The downside, however, is that during the warmer months, parks like Yosemite come closer to representing Disneyland versus a place John Muir would have so lovingly favored. And even though the valley’s waterfalls, gorges, and granite should speak volumes over any rowdy crowd, it can be hard to ignore the other thousand people, waving iPhones and Face Timing, as you attempt to take in the magnitude and grace of Yosemite Falls.
Luckily, the bite of chill and the threat of ice have the propensity to clear a crowd as fast as a shark sighting on the coast. So for the last two years, Mitch and I emerged on Yosemite’s valley floor, right alongside fresh-fallen snow. And we have been accompanied by only a small collection of strangers, also there to experience the grandeur of the season.
Last winter, we navigated the camper from Paso Robles, California, and settled our rolling chalet amongst trees and drifts in the Upper Pines Campground.

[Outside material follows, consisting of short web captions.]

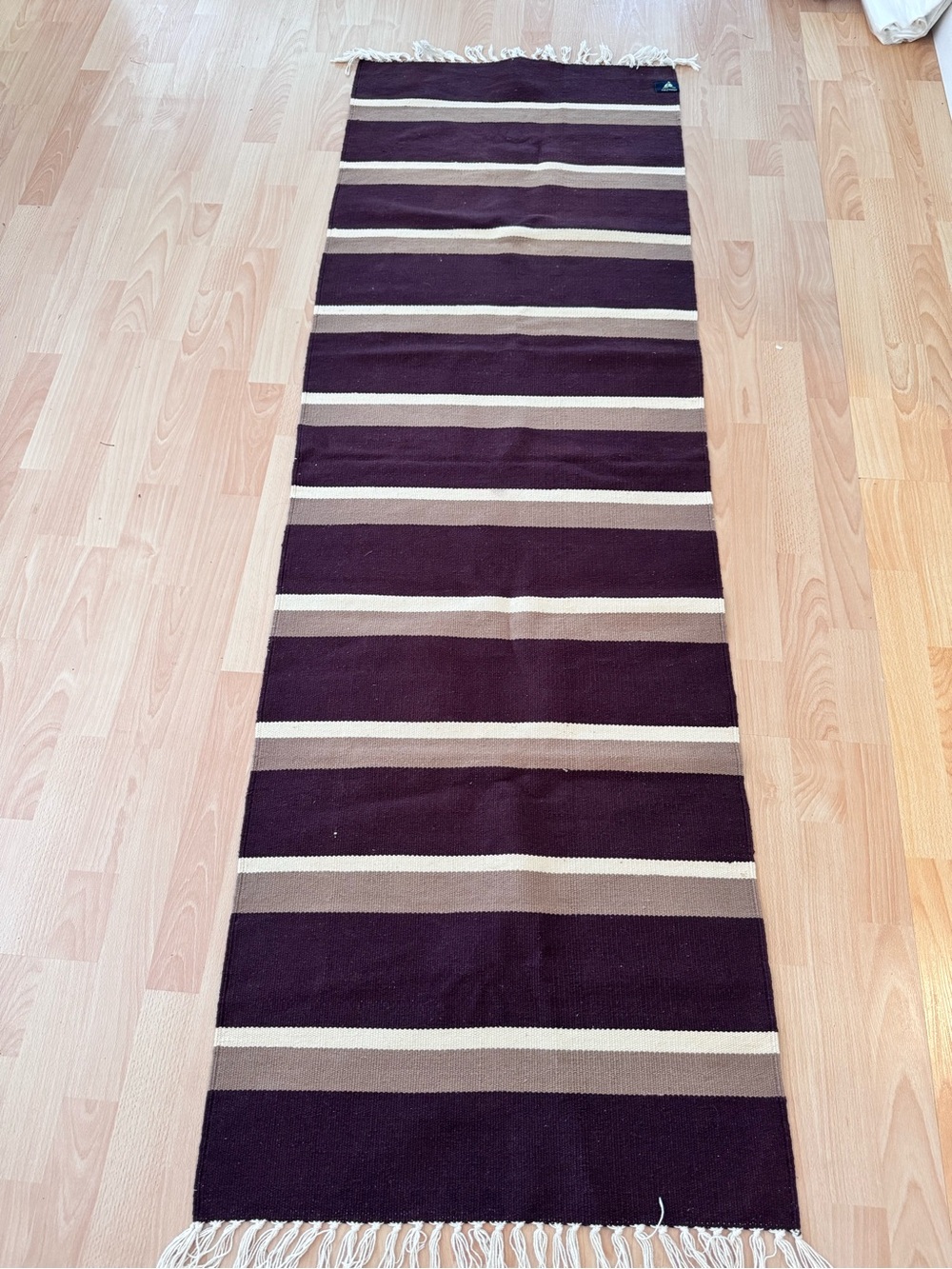 Halfmoon Striped Purple and Cream practice yoga rug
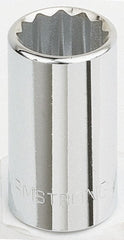 Armstrong - 1/2" Drive, Standard Hand Socket - 12 Points, 1-15/32" OAL, Chrome Finish - Exact Tooling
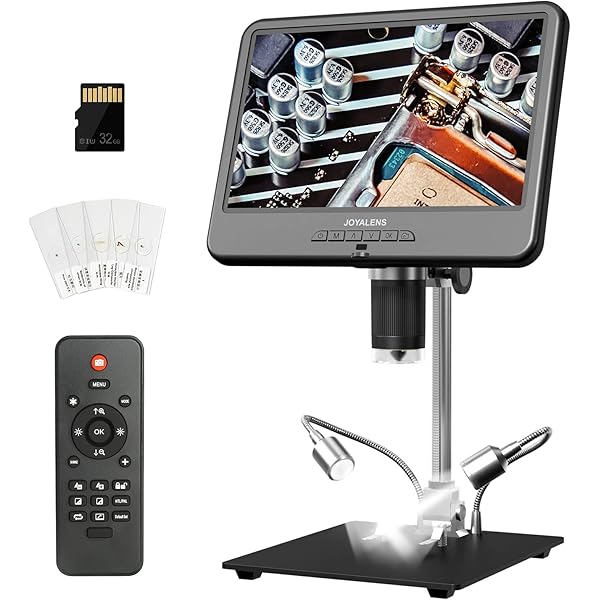 JL210 10.1'' Digital Microscope for Adults, Coin Magnifier Microscopes Full View for Error Coins, Soldering Electronics Microscopes Camera, 8 LED, 12.6" Metal Stand, PC View, 32GB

Though this year, with a broken truck in the shop, this accommodation was not an option. Without wanting to cancel our trip, we opted for booking a canvas tent at Half Dome Village. We decided on a heated tent, versus its non-heated counterpart at half the price, and agreed this to be a luxury in celebration of our anniversary – a gift to ourselves for surviving one another for four years.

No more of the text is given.